Nicole Taylor, a food writer and the author of “The Up South Cookbook,” says Lynch’s work to preserve his father’s legacy is crucial. “For decades and decades, there were these brilliant, amazing black people from the South and beyond who were doing creative things, but they weren’t recorded,” says Taylor, who was recently named executive food editor at Thrillist. “Oral tradition is the base of black food culture, and it’s the base of Southern food culture. It’s so important that we have folks like Lazarus publishing books, because what it does is it tells our family story. It gives a blueprint.”
While Lynch’s own recipes are boundary-pushing, he didn’t meddle too much with his family’s dishes. “My father loved butter, he loved all that stuff,” Lynch says. “In the book, I celebrate that. I don’t dismiss it.” Dad’s Fried Fish Sandwiches, for instance, the ones Lynch is making as we talk, call for Aunt Jemima self-rising flour. “This was the classic dish at Dad’s store. In the black community, fried fish is a celebration food.” Including ingredients like Aunt Jemima in the book wasn’t just a way of keeping things simple and approachable — though that didn’t hurt. It was a matter of holding on to history. “It’s about meeting people in a lineage that they can relate to. That’s how I watched my father cook. That’s also how he watched his mother cook.”
The choice to feature ingredients like Aunt Jemima in the book is already making an impression. “It’s approachable, but it’s also like, ‘This is me, this is who I am,’ ” says Taylor. “When I see that Aunt Jemima container, it’s a historic take.”

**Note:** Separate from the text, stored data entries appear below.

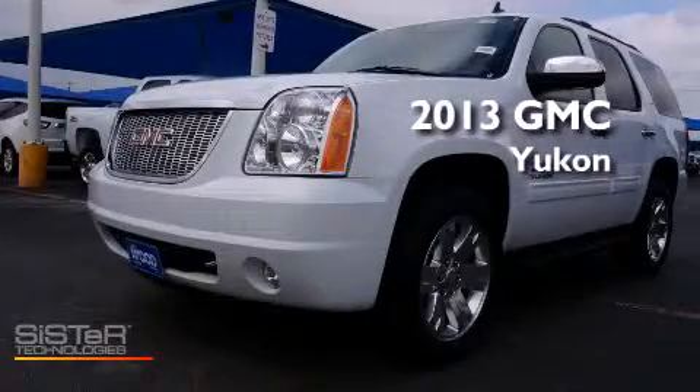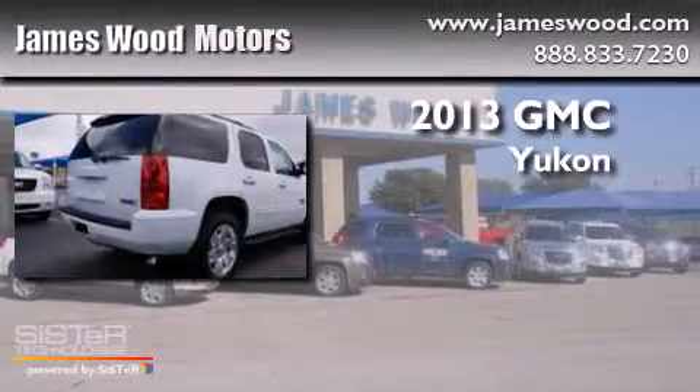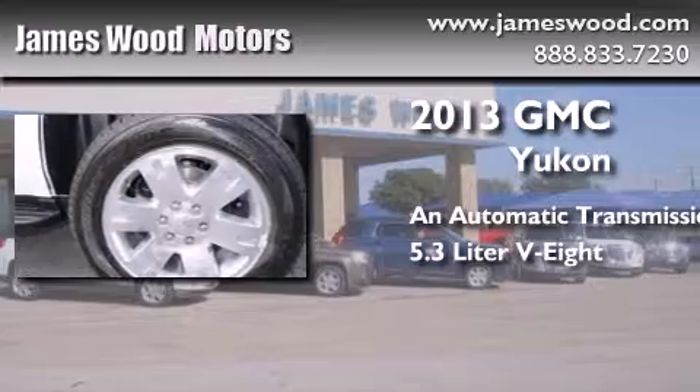This is a brand new 2013 GMC Yukon. This SUV has an automatic transmission and a 5.3 liter V8.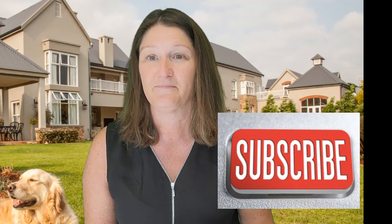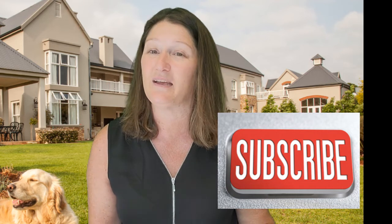And tip number six: ask the seller for a closing cost credit. Depending on what type of real estate market we're in, sometimes the seller can give you a credit towards your closing costs so that you don't have to bring in so much money. This does not happen in every market, though. Or if there's enough value in the house, you can bump up your sales price and then ask the seller to credit that back in closing costs. This way, it's saving you money for your down payment.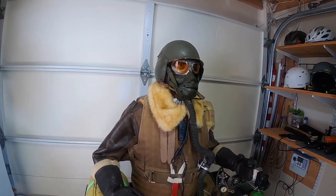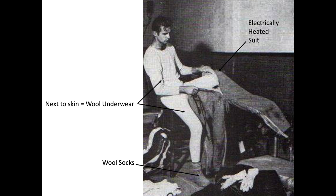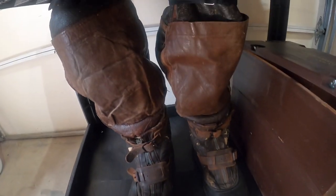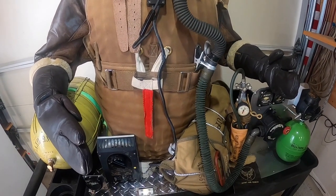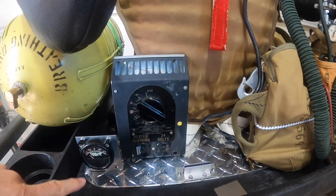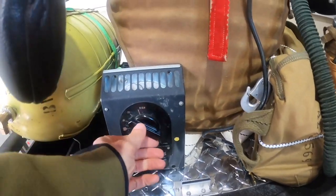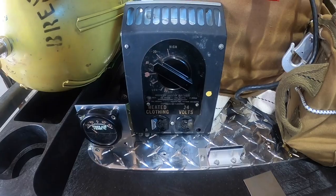Crew members were exposed to extreme cold temperatures of minus 40 to 50 degrees Fahrenheit. To combat this environment, crew members wore thick insulating layers, with the outer layers consisting of shearling fleece gloves, jackets, pants, and boots. The insulating layer was supplemented with a full body electric suit, glove, and booties. The crew member plugged his electric suit cord into one of the plane's rheostats, located at the crew stations and part of the plane's 24-volt DC electrical power system. The rheostats incorporated a dial so the crew member could fine tune the heat output.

Lynch has watched with delight as the first people to buy his book cook from it, sending him pictures on Instagram and tagging him on Facebook.
For the first time since he danced through Times Square holding his book high, Lynch found a moment of peace and quiet a couple of weeks ago to sit and flip through “Son of a Southern Chef.” He pulled up a stool in the kitchen, the same one he sat on for hours as a child, helping his father mix coleslaw, wash collard greens and split open boiled peanuts. “I sat and I read the book,” Lynch says. “As soon as I started doing that, I felt this warmth come over me. I could just feel his comfort. My father’s fingerprints are all over this book.”